These results are supplied for informational purposes only.Prescribing decisions should be made based on the approved package insert.
For publications based on this study, see associated bibliography.
PROPRIETARY DRUG NAME®/GENERIC DRUG NAME: Genotropin®/Somatotropin
PROTOCOL NO.: 93-8122-003
PROTOCOL TITLE: A Multicentre Trial Evaluating the Efficacy and Safety of Genotropin in Children Short for Gestational Age – A Follow-Up of Pubertal Patients
Study Centres: A total of 14 centres took part in the study in Germany.
Study Initiation Date and Primary Completion or Completion Dates: 16 February 1994 to 17 April 2002
Phase of Development: Phase 3
Study Objectives: The primary objective was to evaluate whether somatropin can normalize final height in children born short for gestational age (SGA) without catch-up growth until the age of 2 years.
The secondary objectives were to study the safety of somatropin and to further evaluate the efficacy of long-term treatment to final height
METHODS
Study Design: This synopsis only includes data from the 26 subjects who had completed 2 years of somatropin treatment and were pubertal by 30 June 1997. These subjects were included in an extension of the trial.
The original study was designed as a prospective, single-armed, uncontrolled, open-labelled, non-comparative, multicenter study. Short pre-pubertal children born SGA (height standard deviation score (SDS) for chronological age below –2.0 SD were to be treated from baseline visit with somatropin, 0.067 mg (0.2 IU)/kg body weight per day for 2 years. Study visits were scheduled at 1 and 3 months after baseline and every 3 months thereafter.
For the 150 subjects who were still pre-pubertal after 2 years of treatment (by 30 June 1997), the study was closed and the results were reported separately.

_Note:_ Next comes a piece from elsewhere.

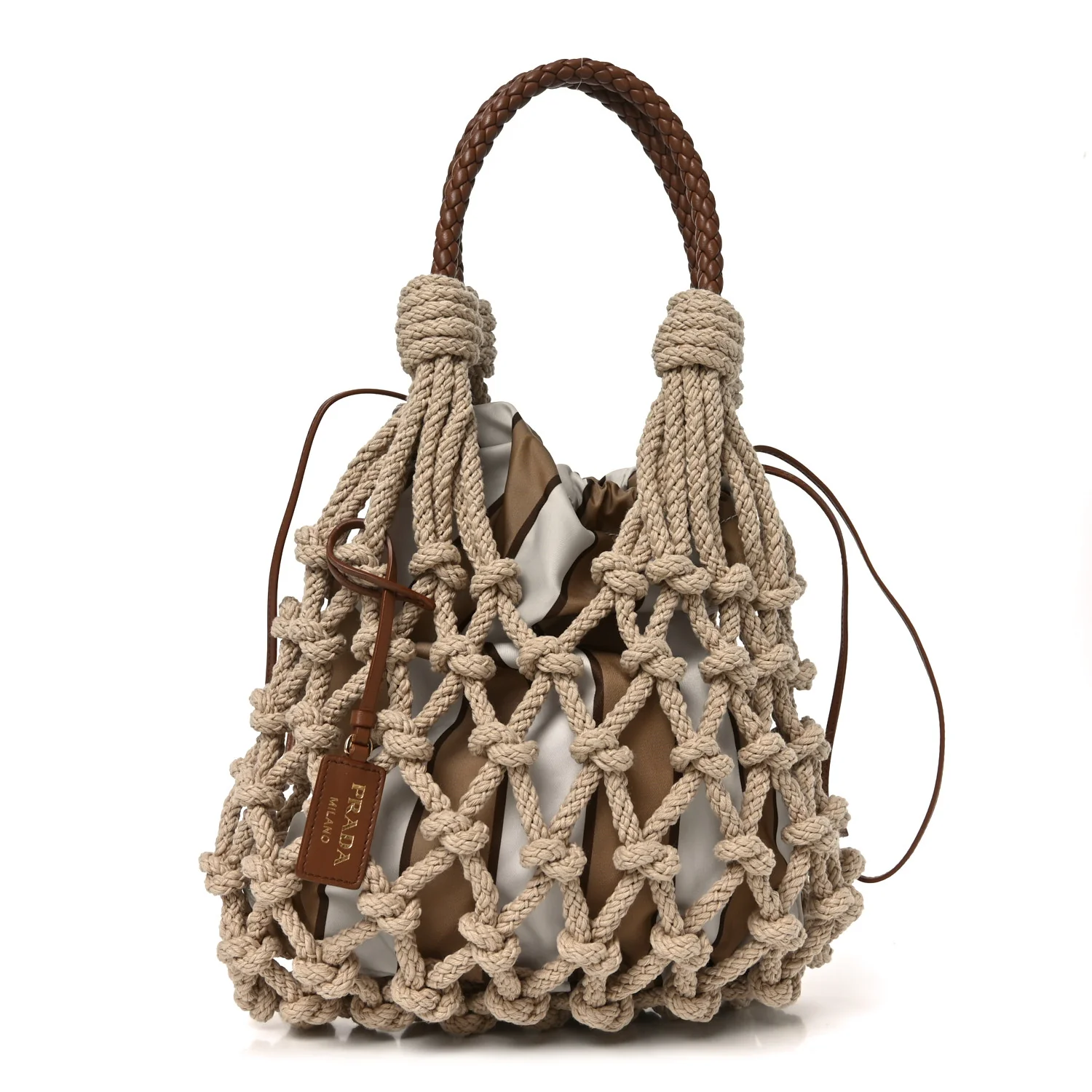 Cotton Macrame Noue Medium Bag Cord Camel Beige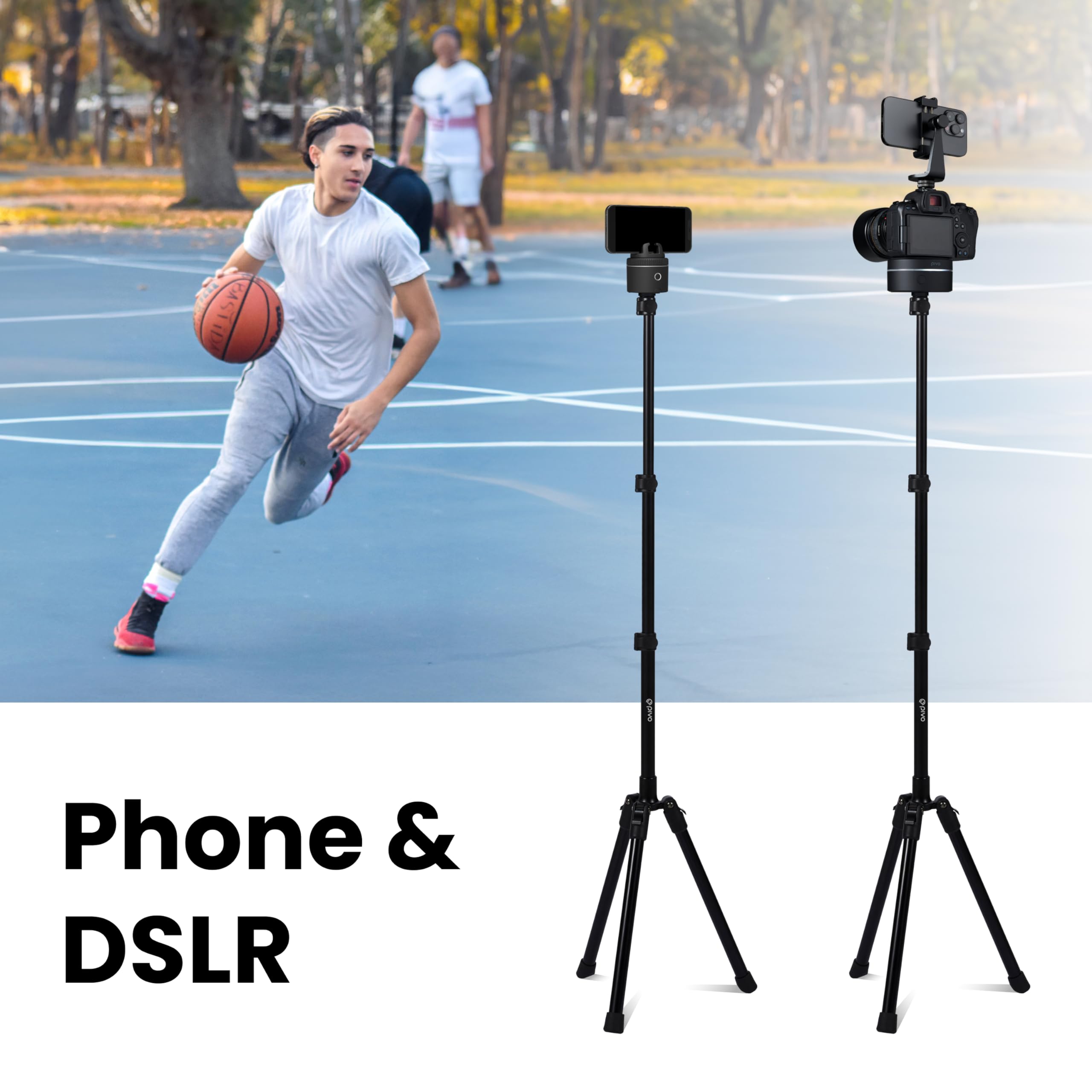 Pivo 63" Extendable Cell Phone & Camera Tripod With Sturdy, Lightweight, Portable, Foldable Stand For Video Recording With Universal 1/4"" Thread For Dslr, Smartphone, Action Camera & Pods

For the 26 subjects that were included in the extension of the trial, the study continued and the subjects were treated as before with somatropin, 0.067 mg (0.2 IU)/kg body weight per day until they reached final height (a growth rate less than 2 cm/year). Subjects were followed at regular 6-month intervals. Safety, height, weight, and puberty staging were measured at every visit. X-rays for bone age reading were taken on a yearly basis.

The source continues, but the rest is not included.